Effect of Parental Involvement on Perceptions of Physical Education


  • Anna Paulson Department of Physical Education, Exercise Science, & Wellness, Iowa Wesleyan University
  • Pamela Hodges Kulinna Mary Lou Fulton Teachers College, Arizona State University
  • Hans van der Mars Mary Lou Fulton Teachers College, Arizona State University




Middle School, attitudes, stakeholders


This study sought to address the large gap in the literature regarding parents’ roles and views about physical education programs. Guided by Epstein’s model of parental involvement, this study investigated the effect of increased parental involvement in a child’s physical education program on parents’ perceptions of that program.

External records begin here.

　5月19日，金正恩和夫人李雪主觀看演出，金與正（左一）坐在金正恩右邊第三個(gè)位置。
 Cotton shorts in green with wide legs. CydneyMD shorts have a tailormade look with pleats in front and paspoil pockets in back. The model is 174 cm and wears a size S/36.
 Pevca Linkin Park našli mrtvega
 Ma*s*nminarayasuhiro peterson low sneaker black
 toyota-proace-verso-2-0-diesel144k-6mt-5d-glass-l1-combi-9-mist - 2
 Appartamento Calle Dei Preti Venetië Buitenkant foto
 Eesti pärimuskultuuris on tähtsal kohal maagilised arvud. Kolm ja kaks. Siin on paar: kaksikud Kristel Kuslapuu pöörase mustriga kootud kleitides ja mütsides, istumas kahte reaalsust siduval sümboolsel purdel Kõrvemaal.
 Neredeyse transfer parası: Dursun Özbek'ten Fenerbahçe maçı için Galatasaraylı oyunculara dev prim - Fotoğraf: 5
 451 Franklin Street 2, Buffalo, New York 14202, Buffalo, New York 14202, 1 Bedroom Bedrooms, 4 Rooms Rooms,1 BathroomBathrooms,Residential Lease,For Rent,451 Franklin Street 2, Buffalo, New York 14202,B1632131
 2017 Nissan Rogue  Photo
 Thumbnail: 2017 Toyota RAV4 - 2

Participants included 31 parents (28 female, 3 male) of students enrolled in fifth- through eighth-grade physical education classes at a school in the Southwestern United States. The design employed was a pre–post mixed-methods design. Over 6 weeks, the physical education teacher increased communication with parents through twice-weekly newsletters, weekly emails, family homework assignments, and family physical activities. Parents completed three validated surveys and open-ended questions, while the teacher kept field notes across the intervention. Parents increased their positive views of physical education, communication with teachers, and ideas about the importance of the field as well as their perceptions of their connections with physical education and ability to support their students in developing healthy lifestyle behaviors. Four themes emerged from the data including (a) lifetime physical activity, (b) socialization, (c) immediate benefits of physical education, and (d) parental support. The results of this study suggest that regular, open parent–teacher communication regarding physical education programming plays an important role in promoting the field. Extra effort by teachers in facilitating opportunities for parental engagement led to more positive perceptions and value of the physical education program by parents. This investment of teacher time is essential for maintaining positive parents’ and students’ perceptions of quality physical education programming and creating more partners and advocates for the field.